Até ao momento, ratificaram-no os governos de Cabo Verde e Portugal (em Junho de 1991) e do Brasil, mas só três anos depois, inviabilizando a aprovação em tempo útil e daí o protocolo modificativo. Como se sabe, o Acordo Ortográfico foi assinado em 1990 e deveria ter entrado em vigor em Janeiro de 1994. A partir de agora é necessário e urgente contactar os governos de São Tomé e Príncipe, Angola, Moçambique e da Guiné-Bissau, a fim de saber quando resolvem depositar a ratificação na Assembleia da República.
Sem a formalização do Acordo o Dicionário do Português Contemporâneo sairá tal como está, ou seja, com a ortografia ainda em vigor em Portugal. Se, no entanto, se concretizar a aprovação, o texto será reajustado no sistema informático, consoante as normas estabelecidas. Morais deixou-nos o último dicionário português do século XVIII; Cândido de Figueiredo, o último dicionário português do século XIX; Malaca Casteleiro, o último dicionário português do século XX que se projectará no novo século e no novo milénio associado ao nome e às tradições intelectuais e cívicas da Academia das Ciências.

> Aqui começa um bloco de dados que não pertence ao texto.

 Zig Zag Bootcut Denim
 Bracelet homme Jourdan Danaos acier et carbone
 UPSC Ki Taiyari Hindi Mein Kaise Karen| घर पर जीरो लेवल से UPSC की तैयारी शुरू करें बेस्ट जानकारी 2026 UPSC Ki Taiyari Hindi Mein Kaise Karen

É razão para regressarmos ao princípio, ao pensamento que determinou a fundação da Academia das Ciências e permanece na divisa latina que adoptou: nisi utile est quod facimus stulta est gloria. Que, com o resto de latim que me ensinou nos Açores o notável e inesquecível José da Costa, atrevo-me a traduzir: se aquilo que fizermos não for útil, a glória será vã.
artigo publicado no Diário de Notícias do dia 20 de Setembro de 1998.